As it turned out, Patrick was the only one of the earlier winners who definitely proved himself at high altitude (he ran the fastest 1,500 meters at Tahoe in a preliminary heat) and yet was eliminated (in the final heat he ran fourth). Our sympathy for Patrick is diluted by the fact that he backed the idea of taking the Tahoe finals as the only criterion. But he shouldn't have been put in such an awkward position.
The entire selection process was misleading. The system should have been established early and adhered to. Then no one would have had grounds to complain that the officials had in effect reneged on an earlier promise.
BLACK AND BLUE TOGETHER
In a recent effort to ease racial tensions in South Bend, Ind., four softball teams representing the city police met four teams representing the Negro community. The Negro teams wore T shirts saying, "Black Is Beautiful." The police wore T shirts saying, "Blue Isn't Bad." The Negroes won three out of four.
MUDDER MURDER
Artificial tracks and fields are in the news again, hailed as magic carpets on which humans never dirty their breeches and horses never need mud marks. We confess to some skepticism as to whether this will be—and some doubt as to whether it should be. It would be a shame, for example, to divorce horse racing entirely from the turf and dirt tracks that have been at the very heart of its history. Among other things, that would deprive the world of the term "mudder." It would shortchange those stout-limbed horses that come into their own on a slow track, thus eliminating another venerable factor from the horseplayer's equation. And it would make most tracks even harder to tell apart than they already are.

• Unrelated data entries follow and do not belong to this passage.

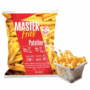 Patatine Master Fries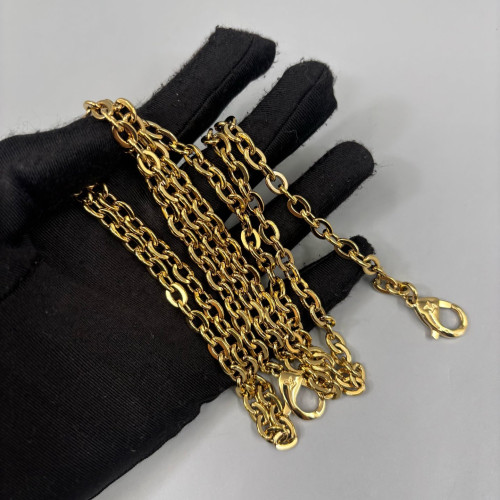 Louis Vuitton Micro Metis Monogram Empreinte Pink
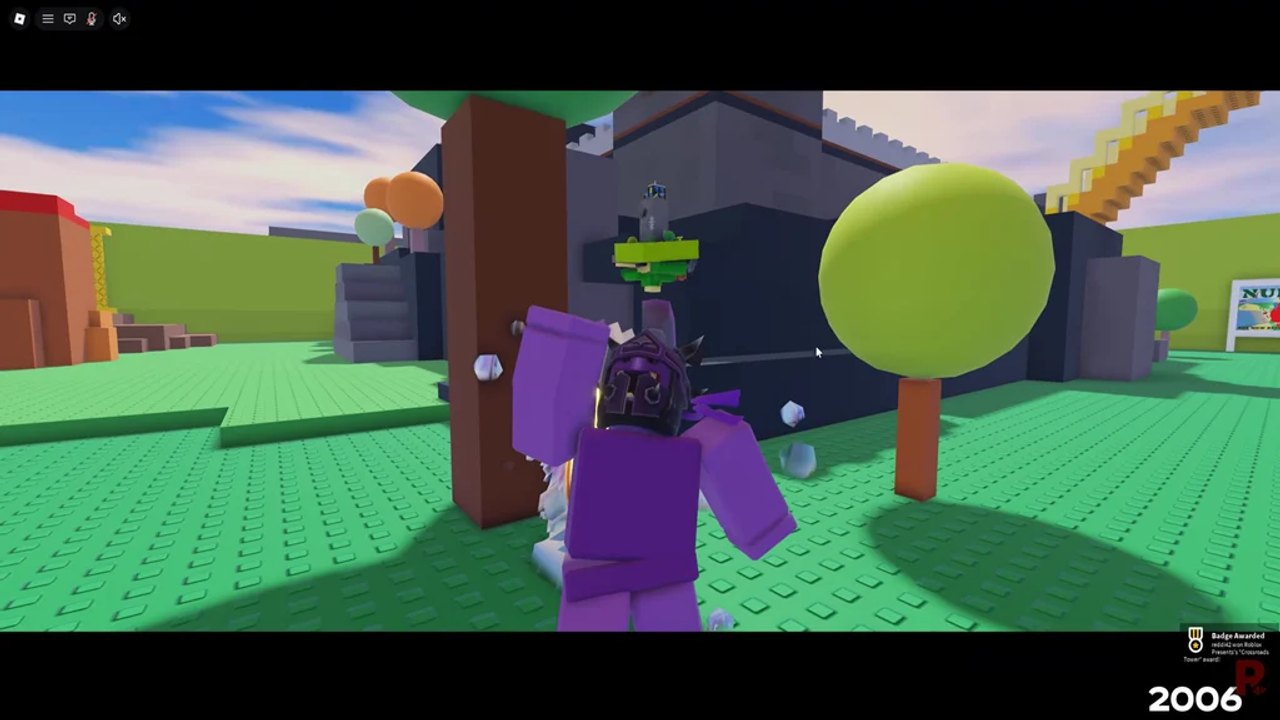 Updates Hub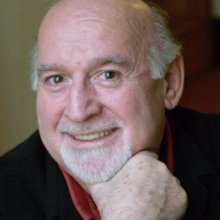 Elhunyt Sólyom-Nagy Sándor operaénekes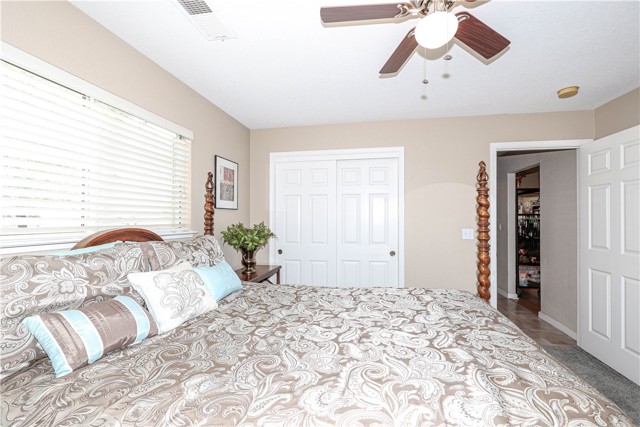 Detail Gallery Image 51 of 70 For 9470 Sunset Dr, Atwater,  CA 95301 - 3 Beds | 2/1 Baths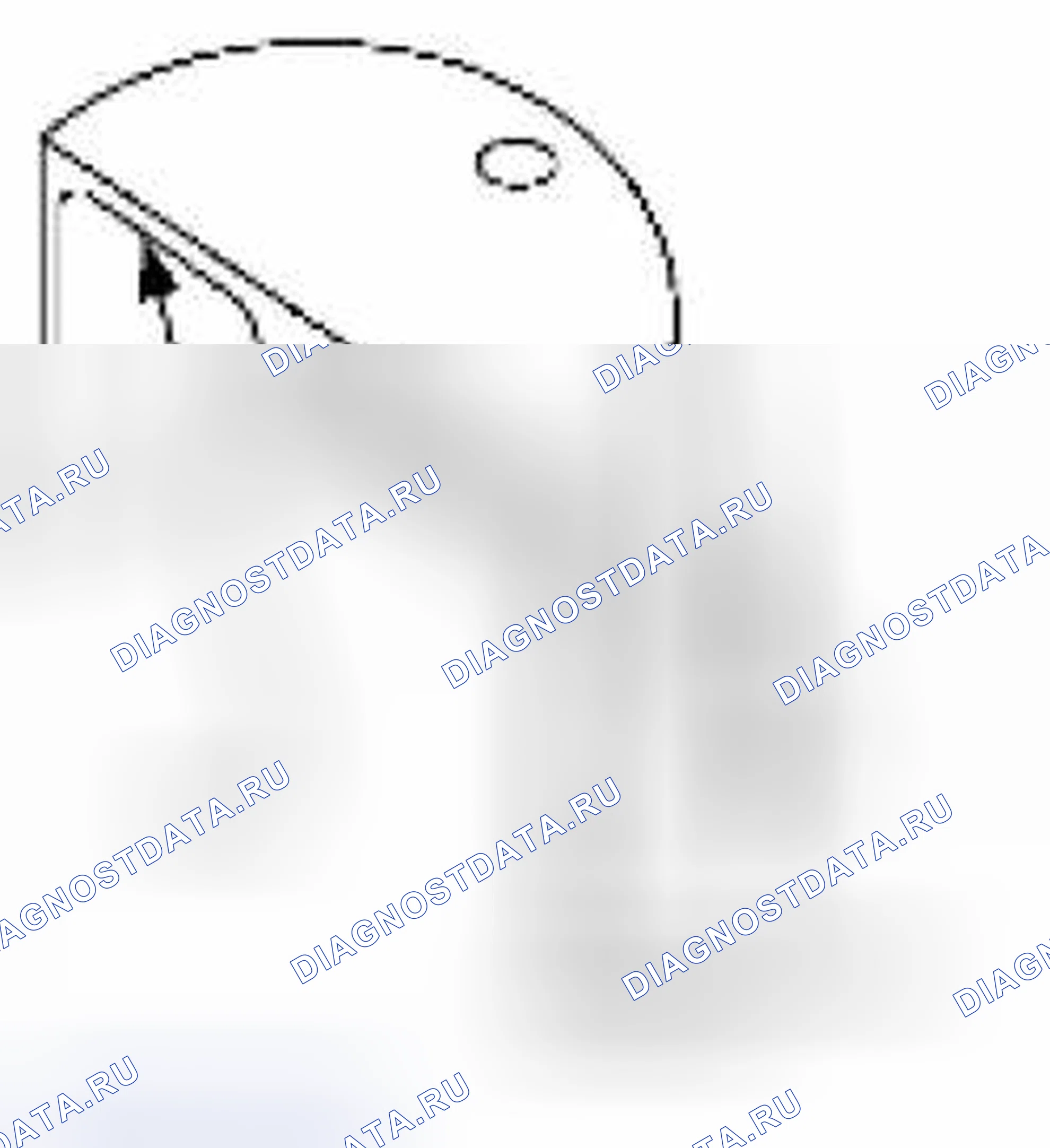 Рис. 10. Suzuki Equator I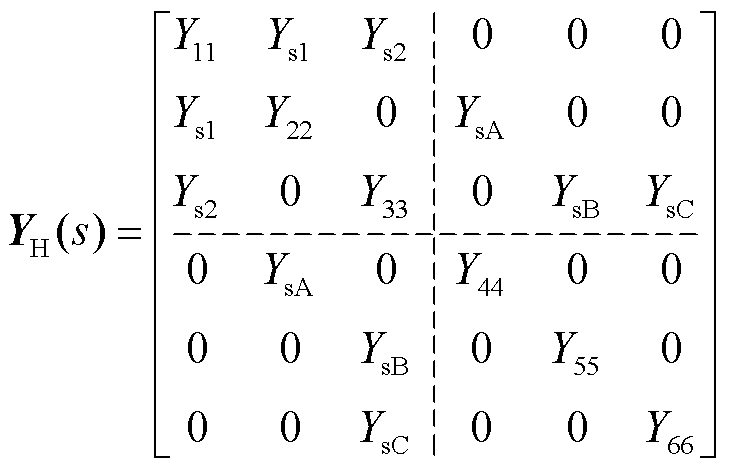 width=159.05,height=101.9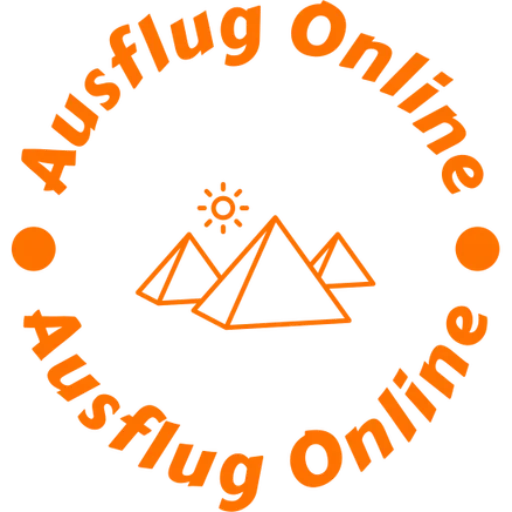 ausflugonline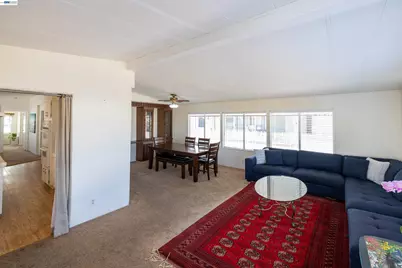 1438 Buckingham Way, Hayward, CA 94544 - Photo 7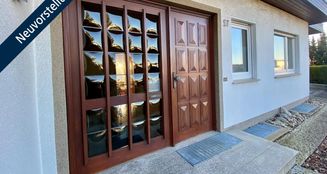 von_poll_real_estate_property_25153001_image_0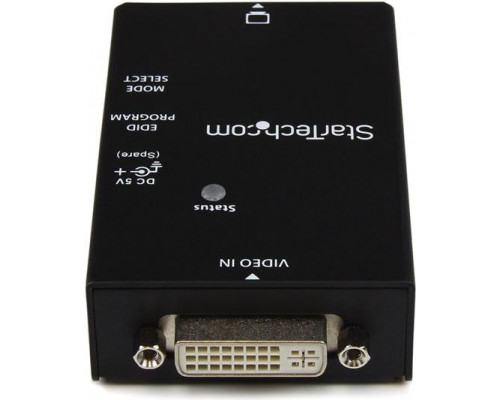 StarTech DVI DDC EDID EMULATOR (VSEDIDDVI)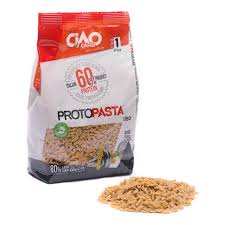 Riz-Riso Protopasta Stage1 500g – Ciao Carb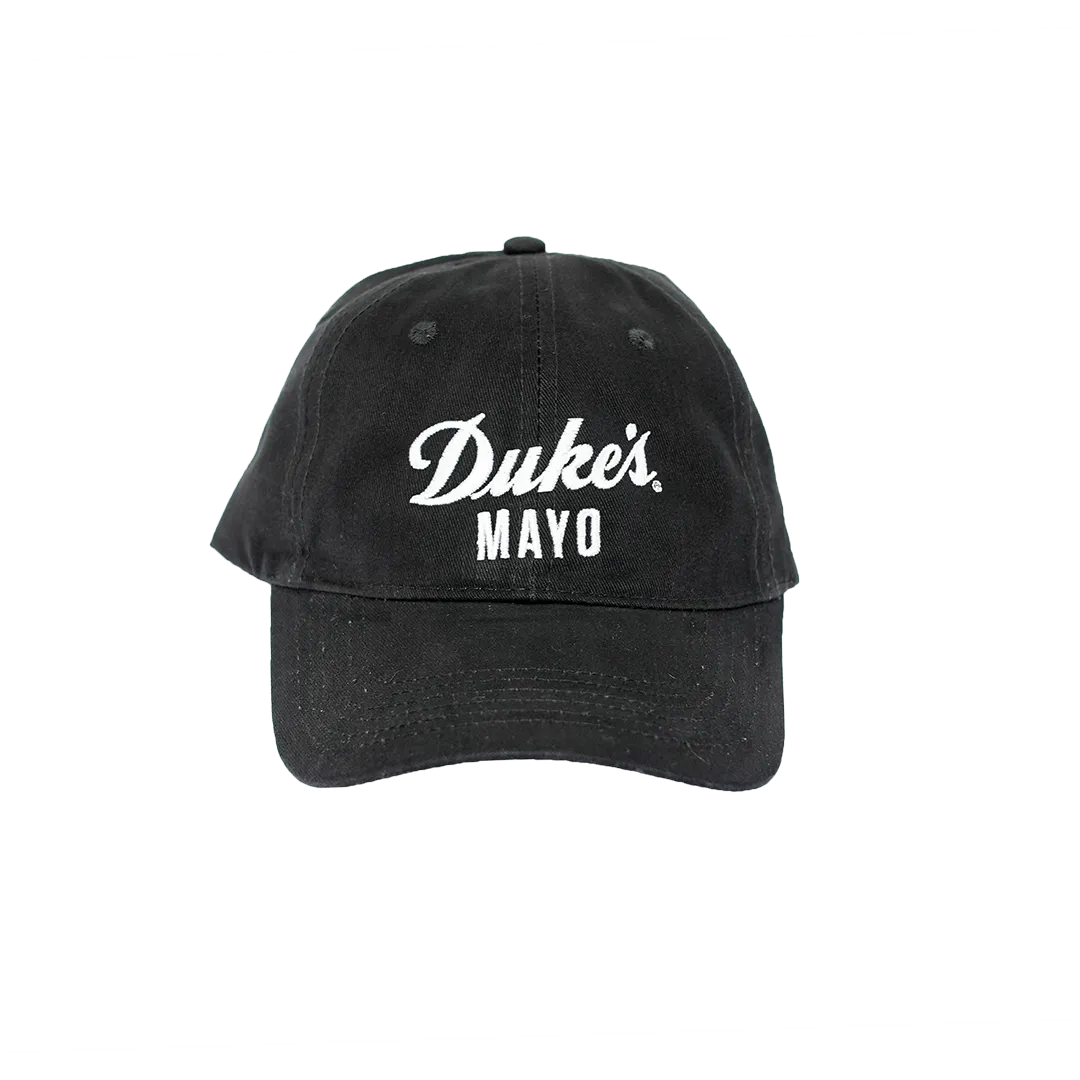 Duke’s Mayo Dad Hat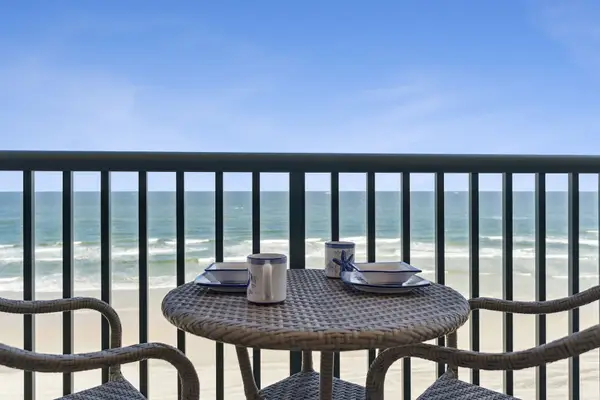 4621 S Atlantic Avenue #7506, PONCE INLET, FL 32127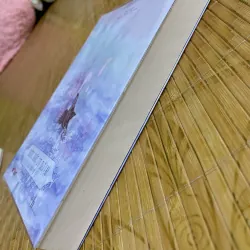 Đừng nhắc em nhớ lại 1008582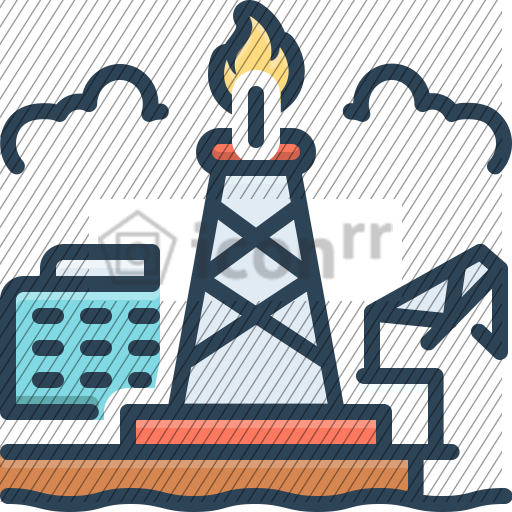 after-icon-128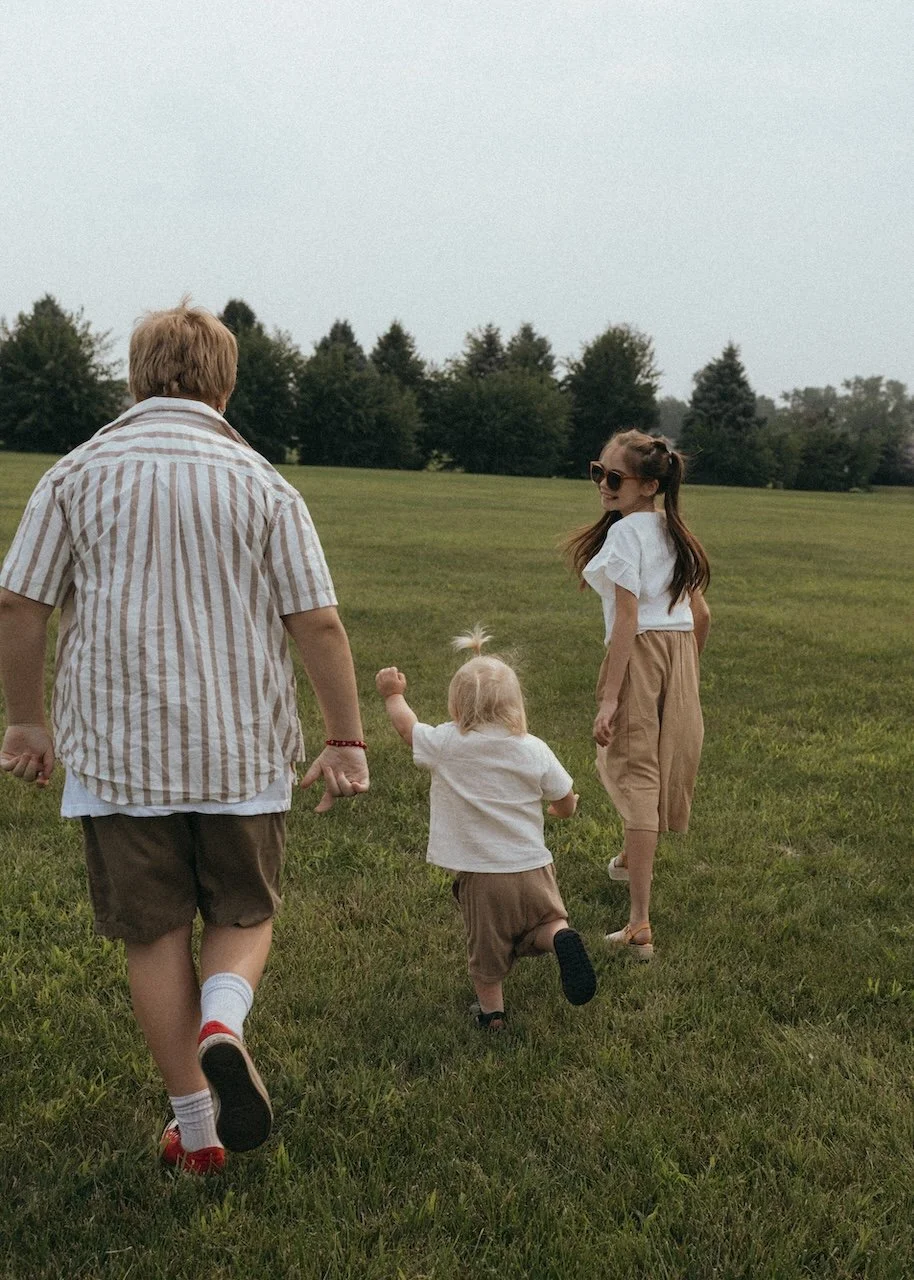 family-photogerapher-pekin-illinois.jpg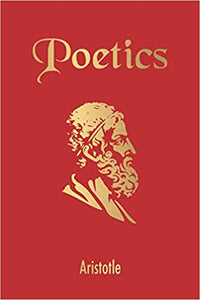 Poetics Pocket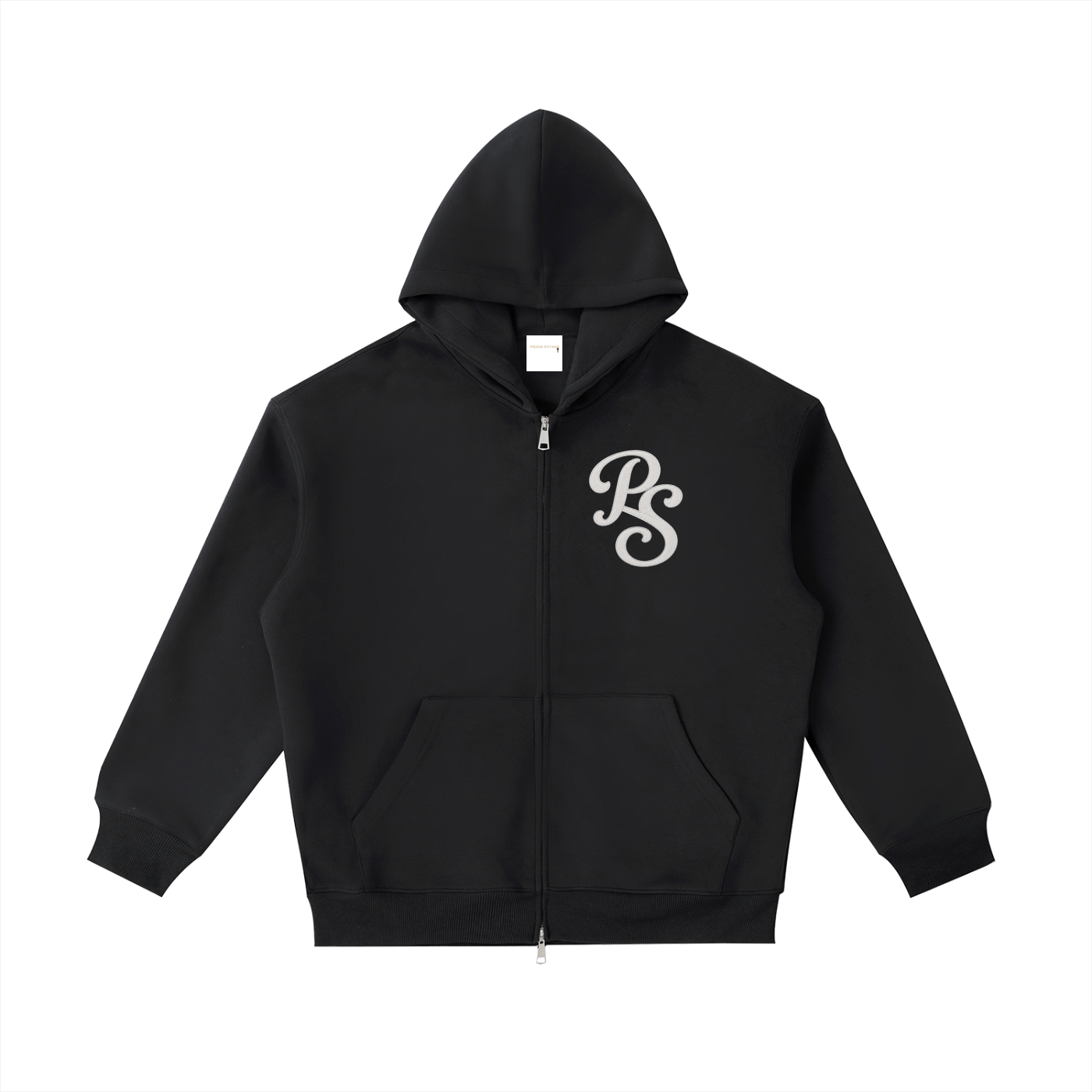 Made My Table Hoodie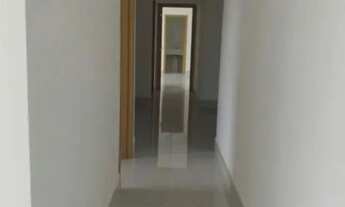 Imagem 6: Apartamento para venda possui 177 metros quadrados com 30 quartos em Jardim Goiás - Goiâni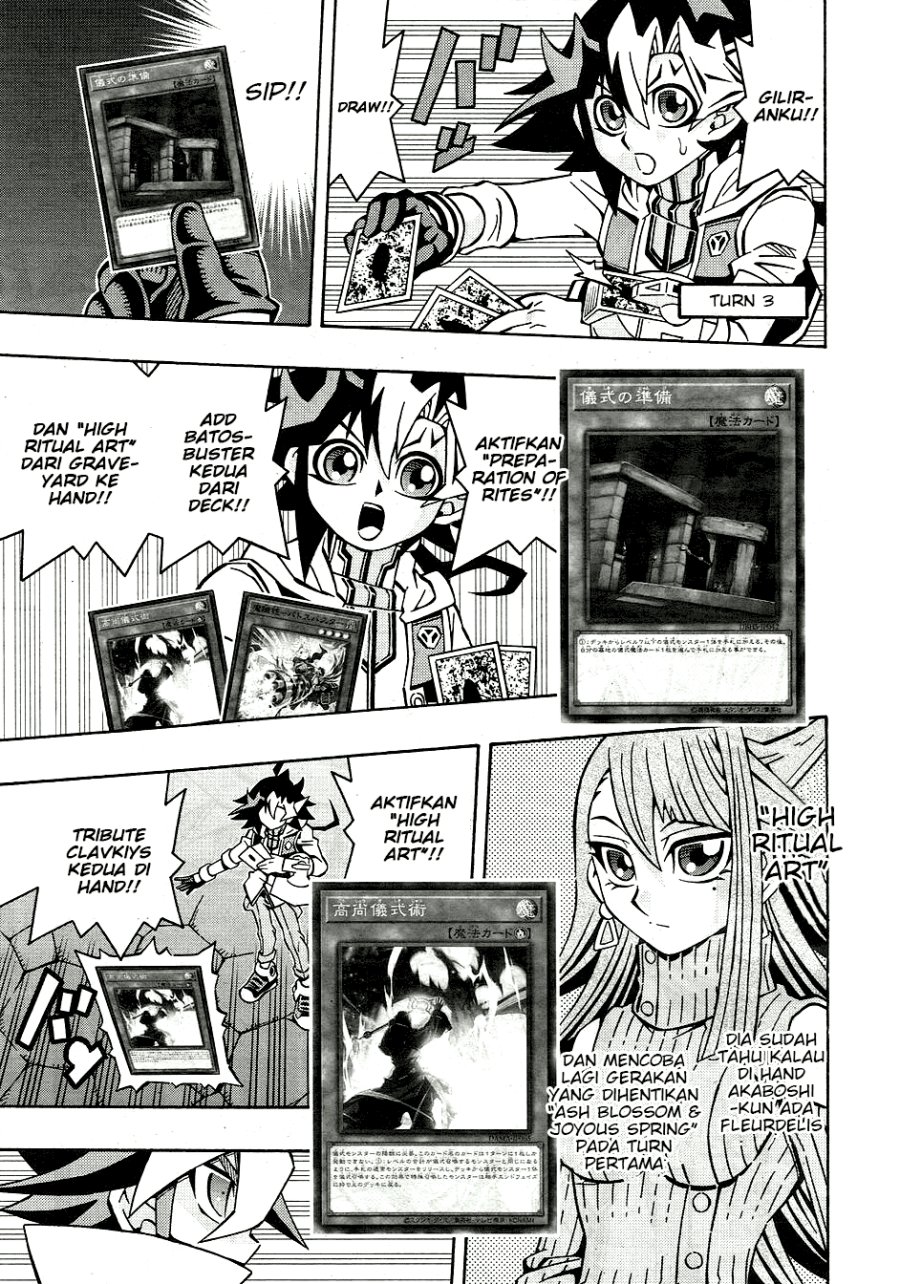 image-komik-yu-gi-oh-ocg-structures-chapter-31-21/27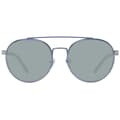 Miniatyrbilde 2 av 3: TED BAKER MOD. TB1695 51900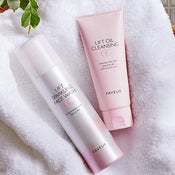 FAVEUR（ファブール）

We also wonder whether a uniform sports surface is such a good idea for people—not to mention a uniform temperature, a uniform humidity or a uniform lack of wind. Last week the French sports daily, L'Equipe, perhaps having let the Astrodome slip its mind, said, "It is high time that stadiums with major competitions be protected from the wind, as the Romans protected the immense Colosseum from the sun with canvases, cables and pulleys."